The PyTorch 2.9.0 release expands the scope of its wheel variant support matrix by adding AMD (ROCm), Intel (XPU) and NVIDIA CUDA 13. This work is a follow-up on the initial enablement of this feature in PyTorch 2.8. This includes provider plugins for all hardware platforms aforementioned, which can automatically detect the platform attributes, including the type of supported software and installed hardware.
While NVIDIA CUDA wheels support both Windows and Linux, ROCm (full blog here) and XPU platforms currently only support Linux.

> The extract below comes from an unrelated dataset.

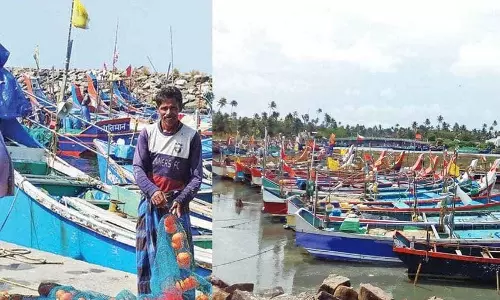 Kerala के मछुआरे जो एक प्रकाशित कवि Kerala के मछुआरे जो एक प्रकाशित कवि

NOTE: This particular feature is experimental and based on the wheel variants proposal. (work in progress)
Installation instructions
Linux x86 and aarch64, MacOS:
curl -LsSf https://astral.sh/uv/install.sh | INSTALLER_DOWNLOAD_URL=https://wheelnext.astral.sh/v0.0.2 sh uv venv uv pip install torch
Windows x86:
powershell -c { $env:INSTALLER_DOWNLOAD_URL = 'https://wheelnext.astral.sh/v0.0.2'; irm https://astral.sh/uv/install.ps1 | iex } uv venv uv pip install torch
[API-Unstable] FlexAttention Enablement on Intel GPUs
The new FlexAttention forward and backward support on Intel GPUs, aligned with PyTorch’s GPU common behavior, provides users with more consistent and portable performance across different GPUs. This means developers can write code once, or run Hugging Face/Transformers with extensive support for FlexAttention, achieving significant attention mechanism efficiency without modifying any code.
[API-Unstable] Flash decoding optimization based on FlexAttention on X86 CPU
Flash decoding, a common technique adopted in LLM inference in order to speed up attention and bring faster generation for long sequences, only exists for the CUDA path today. In this release, we introduce support for flash decoding optimization based on FlexAttention on X86 CPU inductor backend, which realizes the parallelism on KV sequence by partition and reduction. The optimization can greatly improve the CPU utilization when the original parallelism is insufficient, e.g. small batch size/head number/Q sequence length and long KV sequence length. This is expected to help PyTorch users improve the performance for LLM decoding phase, especially with long context length.
Arm Platform Enablement and Optimizations
PyTorch 2.9 delivers key backend improvements on Arm with better performance and test coverage.
- torch.compile Improvements: TorchBench, HuggingFace, and TIMM test suites in torch.compile mode are faster than Eager mode. See results on the PyTorch HUD Dashboard
- Operator improvements: Expanded and optimized convolution, activation, and quantized ops on AArch64 for faster model execution.
- Broadened Arm CI coverage by adding Arm Neoverse V2-based AWS Graviton 4 instances.